When a proposed therapy fails in a clinical trial is that because the therapy can’t work, or is it because the trial itself was flawed? It is far from written in stone how a clinical trial should be set up. Should the therapy be given by pill or intravenously? In what doses? How often, for how long? At what stage of the disease? Because Stage 3 clinical trials are so expensive and difficult to implement, some therapies may have only one shot to succeed. How many therapies that could have helped some people, will never do so, because the researchers had bad luck, or less skill, in implementing the trial? This problem could be reduced the regulatory mandate to requiring only the Stage 1 and Stage 2 clinical trials, that mainly establish safety (as opposed to the much-more-expensive Stage 3 that mainly establishes efficacy). That way researchers who lacked the deep pockets of the researchers discussed in the article quoted below, could still more often afford multiple shots at designing a trial that would succeed at identifying what therapy, applied to which patients, in what modalities, might cure them, or at least lengthen their lives, or reduce their symptoms. Some of the greatest advances in medicine occurred in an environment of quick trial and error, as when medicine has to be precticed on the battlefield of war, or when Emil Freireich improvised new ingredients for his chemo cocktail to cure some children of childhood leukemia or when Freireich’s protégé Vincent DaVita did the same to cure some adults of Hodgkin’s lymphoma. Ideally I would eliminate all mandates, both to enhance liberty, and to speed trial-and-error therapies. But here I suggest eliminating only Stage 3 clinical trials, not because I think that is ideal, but (following Milton Freidman) because I suspect that policy reform may be the best that is politically feasible. We would maximize trial and error adjustments by eliminating all mandated clinical trials. In the vast majority of decisions in life we make judgements without the benefit of a clinical trial. And such judgements usually are effective and improve with experience. [Gary Klein persuasively makes this point through a multitude of examples, in his tour de force Sources of Power.] What is done in life generally, can also be done in medicine in particular, bringing us more cures, faster.
(p. D4) “There is no reason why cancer vaccines would not work if given at the earliest stage,” said Sachet A. Shukla, who directs a cancer vaccine program at MD Anderson Cancer Center. “Cancer vaccines,” he added, “are an idea whose time has come.” (Dr. Shukla owns stock in companies developing cancer vaccines.)
That view is a far cry from where the field was a decade ago, when researchers had all but given up. Studies that would have seemed like a pipe dream are now underway.
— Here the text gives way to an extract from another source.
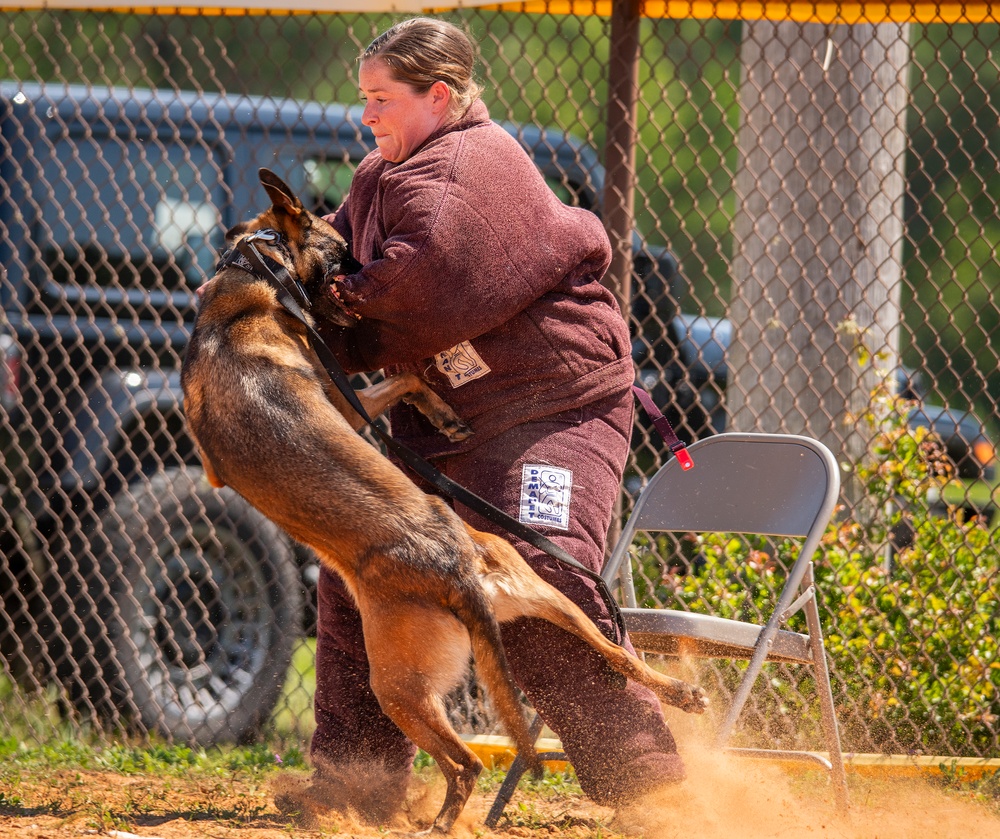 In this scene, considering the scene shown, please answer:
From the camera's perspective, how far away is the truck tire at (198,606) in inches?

“People would have said this is insane,” said Dr. Susan Domchek, the principal investigator of a breast cancer vaccine study at the University of Pennsylvania.
. . .
“We had this trial, 63 patients, Stage 4 cancer. They had failed all therapies,” Dr. Finn said.
. . .
In their initial studies, it became clear to Dr. Finn and her colleagues that the cancers were too far advanced for immunizations to work. After all, she notes, with the exception of rabies, no one vaccinates against an infectious disease in people who are already infected.
“I said, ‘I don’t want to do that again,’” Dr. Finn said. “It is not the vaccines. We have to look at different patients.”
Now, she and her colleague at Pittsburgh, Dr. Robert Schoen, a gastroenterologist, are trying to prevent precancerous colon polyps with a vaccine. But intercepting cancer can be tricky.
They focused on people whose colonoscopies had detected advanced polyps — lumps that can grow in the colon, but only a minority of which turn into cancer. The goal, Dr. Schoen said, was for the vaccine to stimulate the immune system to prevent new polyps.
It worked in mice.
“I said, ‘OK, this is great,’” Dr. Schoen recalled.
But a recently completed study of 102 people at six medical centers randomly assigned to receive the preventive vaccine or a placebo had a different result. All had advanced colon polyps, giving them three times the risk of developing cancer in the next 15 years compared to people with no polyps.
Only a quarter of those who got the vaccine developed an immune response, and there was no significant reduction in the rate of polyp recurrences in the vaccinated group.
“We need to work on getting a better vaccine,” Dr. Schoen said.
. . .
Dr. Domchek said she can envision a future in which people will have blood tests to find cancer cells so early that they do not show up in scans or standard tests.
“To paint a grand future,” she said, “if we knew the tests predicted cancer we could say, ‘Here’s your vaccine.’”
For the full story see:
Gina Kolata. “New Hopes for a Cancer Vaccine.” The New York Times (Tuesday, Oct. 11, 2022 [sic]): D4.
(Note: ellipses added.)
(Note: the online version of the story has the date Oct. 10, 2022 [sic], and has the title “After Giving Up on Cancer Vaccines, Doctors Start to Find Hope.” Where the wording of the versions differs, the passages quoted above follow the online version.)
Gary Klein’s main book that I praise in my initial comments is:
Klein, Gary A. Sources of Power: How People Make Decisions. 20th Anniversary ed. Cambridge, MA: The MIT Press, 2017.